Mixed precision training in ONNX Runtime is a compile-time graph transformation that converts select FP32 operations to FP16 or BF16 to leverage Tensor Cores and reduce memory bandwidth. According to the `microsoft/onnxruntime` source code, this is implemented as a deterministic rewrite pass that inserts cast nodes and manages FP32-only sub-graphs before training begins.

### Which data types does ONNX Runtime mixed precision support?

The system supports **FP16** (half-precision floating point) and **BF16** (bfloat16) through the `mixed_precision_type` enum in `MixedPrecisionConfiguration`. FP16 offers maximum memory savings but requires loss scaling, while BF16 provides a wider range with less numerical instability for deep transformer models.
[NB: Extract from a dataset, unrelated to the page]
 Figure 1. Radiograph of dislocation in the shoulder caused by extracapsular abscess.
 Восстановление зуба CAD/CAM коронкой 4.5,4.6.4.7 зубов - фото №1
### When should I use `layernorm_stash_as_fp32`?

Set this flag to `True` when training transformer architectures or any model where LayerNorm operations are critical to stability. Keeping LayerNorm parameters in FP32 prevents variance computation underflow and maintains gradient flow through residual connections, which is the default recommended configuration for BERT and GPT-style models.

### How does ONNX Runtime handle loss scaling?

For FP16 training, the transformer automatically inserts a `loss_scale` input node that multiplies the loss before backpropagation. The Python `LossScaler` class monitors gradient overflow; if gradients become infinite, it skips the optimizer step and reduces the scale factor. This logic is integrated into the graph during the `EnableMixedPrecision` call in the C++ backend.